Repeat the data that follows in full. Do not include the pictures.

*INFORMATION SHOWN*.
Segment Open

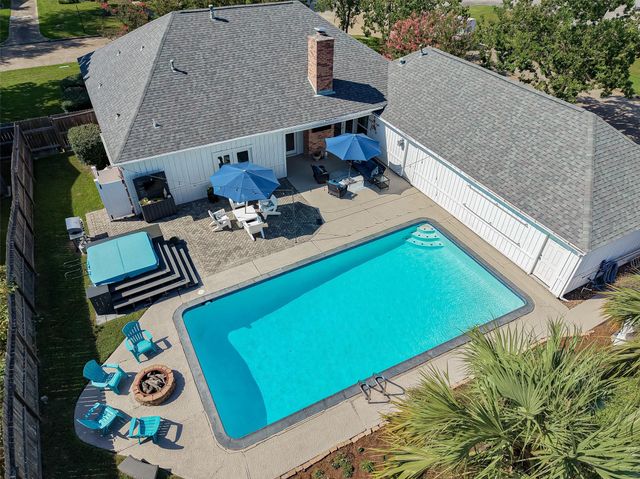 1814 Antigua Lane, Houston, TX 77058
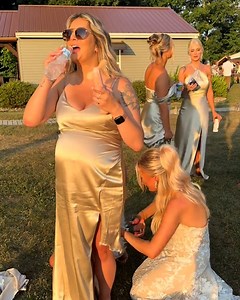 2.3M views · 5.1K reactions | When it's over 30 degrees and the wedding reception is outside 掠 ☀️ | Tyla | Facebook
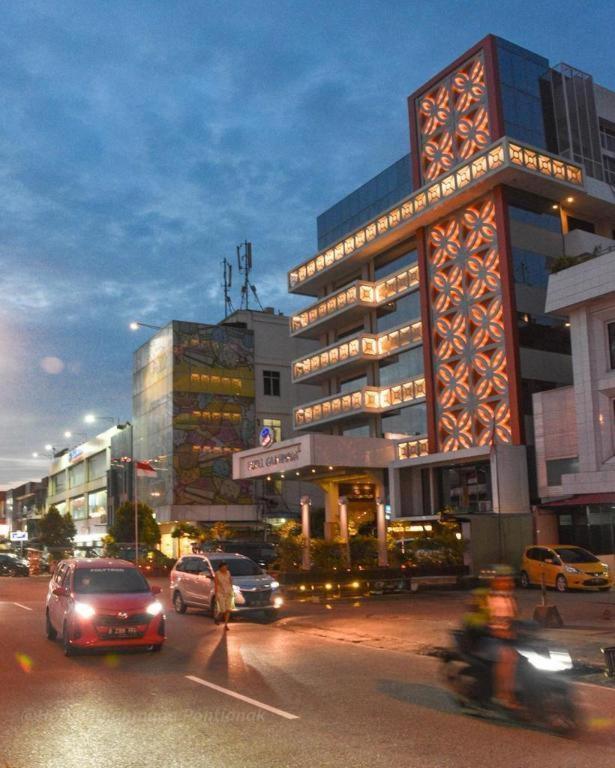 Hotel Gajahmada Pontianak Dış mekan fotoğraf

Segment Closed

*YOUR SOLUTION*.
 1814 Antigua Lane, Houston, TX 77058
 2.3M views · 5.1K reactions | When it's over 30 degrees and the wedding reception is outside 掠 ☀️ | Tyla | Facebook
 Hotel Gajahmada Pontianak Dış mekan fotoğraf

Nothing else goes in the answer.